Azure App Configuration
(continued)
This is a
continuation of a series of articles on Azure services from an operational
engineering perspective with the most recent introduction to Azure App
Configuration with the link here. This article
elaborates on the best practices with Azure App Configuration.
Azure App maintains a record of changes made to
key-values. This record provides a timeline of key-value changes and allows us
to reconstruct the history of any key-value to fall back to a value to an
earlier point in this history. The az appconfig revision list command enables
us to retrieve all recorded changes to the key-values.
App configuration is particularly helpful for
feature management. This is a software development practice that decouples
feature release from code deployment and enables quick changes to feature
availability on demand. A feature flag can be used to toggle the feature on or
off.
Feature flags serve to wrap new functionality
under development so that the feature can be shipped even if it is unfinished.
It will no longer need to maintain code against multiple development
lifecycles. It can be tested in production by limiting access to beta
customers. It can also be used to roll out new functionality incrementally in
production. It can also help to disable
a feature without rebuilding and redeploying the application. The feature flags
can be used to segment a user and deliver a specific set of features to each
group. All feature flags used in an application can be externalized. One way to
avoid proliferation of key-values is to remove the obsolete ones and promote
the feature to current source.
Azure App configurations events enable
applications to react to changes in key-values. This eliminates code or
expensive and inefficient polling services. Events are pushed through Azure
Event Grid to subscribers. Common App configuration event scenarios include
refreshing application configuration, triggering deployment or any
configuration-oriented workflow. There is a difference between polling
mechanisms and event subscriptions where each has its advantage and can be seen
with the help of the size of the changes made to the configuration store. When
the changes are infrequent, but the scenario requires immediate responsiveness,
event-based architecture can be especially efficient. The publisher and subscribers get just the
data that has changed and as soon as the change happens which enables
downstream systems to be reactive and multiple subscribers to receive the
notifications at once. They are also relieved from implementing anything more
than a message handler. There is also the benefit that comes from the scope of
the change that is passed down to the subscribers, so they get additional
information on just what configuration has changed. If the changes become frequent, the number of
notifications is large leading up to performance bottleneck with variations in
the queue size and delays in the messages.
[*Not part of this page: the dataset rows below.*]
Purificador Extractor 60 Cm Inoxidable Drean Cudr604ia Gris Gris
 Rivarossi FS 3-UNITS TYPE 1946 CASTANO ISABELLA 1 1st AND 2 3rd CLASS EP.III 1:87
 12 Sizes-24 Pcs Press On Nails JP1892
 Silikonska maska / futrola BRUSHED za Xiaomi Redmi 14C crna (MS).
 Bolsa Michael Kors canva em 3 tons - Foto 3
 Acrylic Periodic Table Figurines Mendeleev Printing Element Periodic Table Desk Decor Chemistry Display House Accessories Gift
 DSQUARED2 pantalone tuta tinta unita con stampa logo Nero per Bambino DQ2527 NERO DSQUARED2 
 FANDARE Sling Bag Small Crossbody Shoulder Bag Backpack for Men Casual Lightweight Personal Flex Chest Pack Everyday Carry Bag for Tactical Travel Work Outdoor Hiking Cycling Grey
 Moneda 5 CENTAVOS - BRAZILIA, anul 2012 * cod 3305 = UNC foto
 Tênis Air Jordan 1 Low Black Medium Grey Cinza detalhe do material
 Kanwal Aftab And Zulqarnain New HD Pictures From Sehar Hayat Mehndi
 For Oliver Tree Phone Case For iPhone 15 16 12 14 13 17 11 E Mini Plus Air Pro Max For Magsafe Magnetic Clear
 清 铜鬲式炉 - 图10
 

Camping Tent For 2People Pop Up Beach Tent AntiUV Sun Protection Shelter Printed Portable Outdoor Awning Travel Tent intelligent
Instead, when the changes span a lot of keys, it is best to get those
changes in bulk. A polling mechanism can get changes in batches over time and
then process through all those changes. It can even find only the updates that
were made from the time of the previous polling. This enables incremental updates at the
destination. Since a polling mechanism is a loop that perpetually finds
changes, if any, and applies them to the destination, it can work in the
background even as a single worker. A polling mechanism is a read-only
operation and therefore it does not need to fetch the data from the store where
the configuration is being actively updated. It can even fetch the data from a
mirror of the configuration store. Separation of the read-write store from a
read-only store helps improve the throughput for the clients that update the
configuration store. Read-only access is only for querying purposes and with a
store that is dedicated to this purpose, the configuration store can deploy a
suitable technology to host the read-only store that can assist with queries.
It is recommended that both the source and the destination of the configuration
store changes be made better suited to their purpose.